# Requirement
Which lines run from the start of the material below through the line containing "Welcome to Scratch"? Retype them exactly, pictures excluded.

# Supplied data
BEGIN
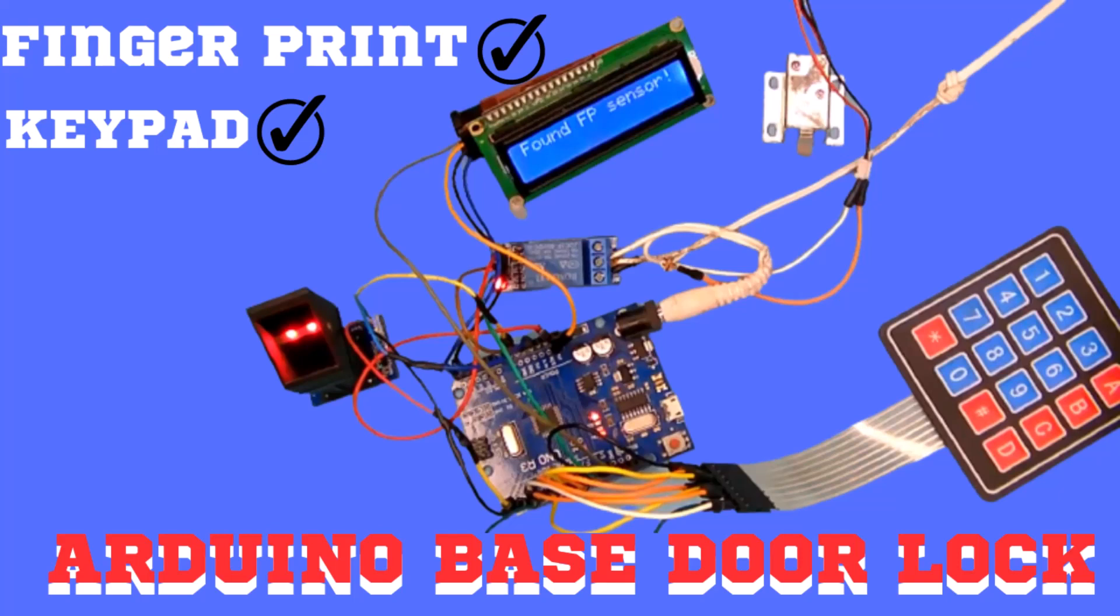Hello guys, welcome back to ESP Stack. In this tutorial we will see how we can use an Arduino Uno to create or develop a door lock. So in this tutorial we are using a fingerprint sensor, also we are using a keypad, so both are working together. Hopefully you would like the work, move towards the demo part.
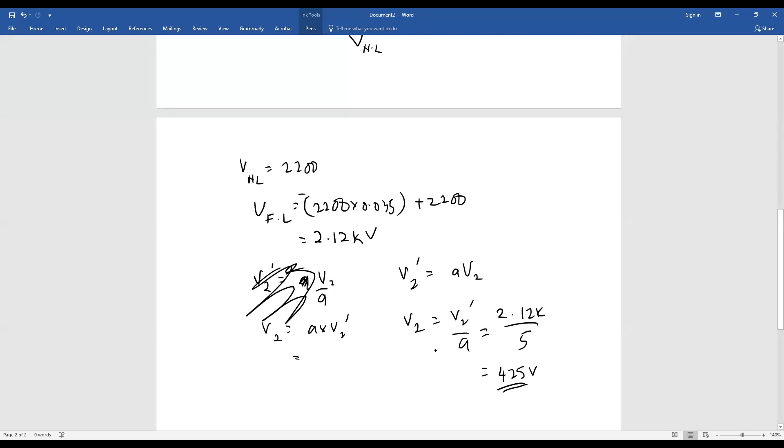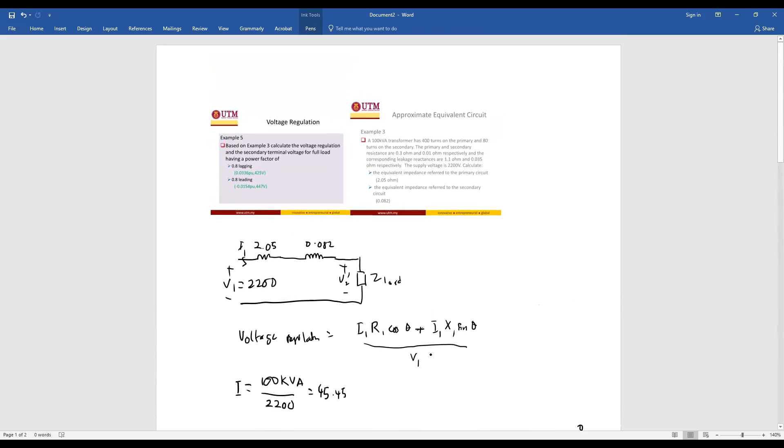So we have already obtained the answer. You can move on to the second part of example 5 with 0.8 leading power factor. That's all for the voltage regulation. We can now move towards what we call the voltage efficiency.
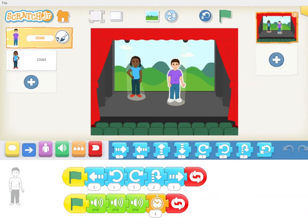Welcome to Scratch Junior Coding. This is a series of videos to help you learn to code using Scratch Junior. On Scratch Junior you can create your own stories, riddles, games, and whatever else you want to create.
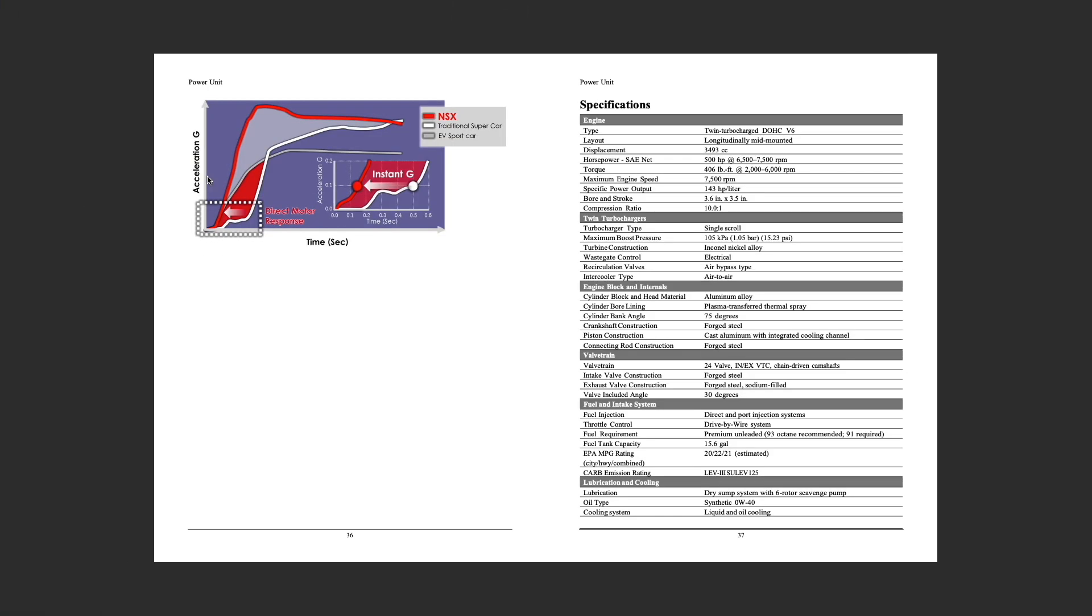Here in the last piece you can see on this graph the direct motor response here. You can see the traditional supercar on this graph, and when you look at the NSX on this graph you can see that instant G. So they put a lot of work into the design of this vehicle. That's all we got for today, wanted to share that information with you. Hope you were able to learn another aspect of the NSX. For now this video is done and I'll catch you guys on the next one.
END
# Answer below
Hello guys, welcome back to ESP Stack. In this tutorial we will see how we can use an Arduino Uno to create or develop a door lock. So in this tutorial we are using a fingerprint sensor, also we are using a keypad, so both are working together. Hopefully you would like the work, move towards the demo part.
So we have already obtained the answer. You can move on to the second part of example 5 with 0.8 leading power factor. That's all for the voltage regulation. We can now move towards what we call the voltage efficiency.
Welcome to Scratch Junior Coding. This is a series of videos to help you learn to code using Scratch Junior. On Scratch Junior you can create your own stories, riddles, games, and whatever else you want to create.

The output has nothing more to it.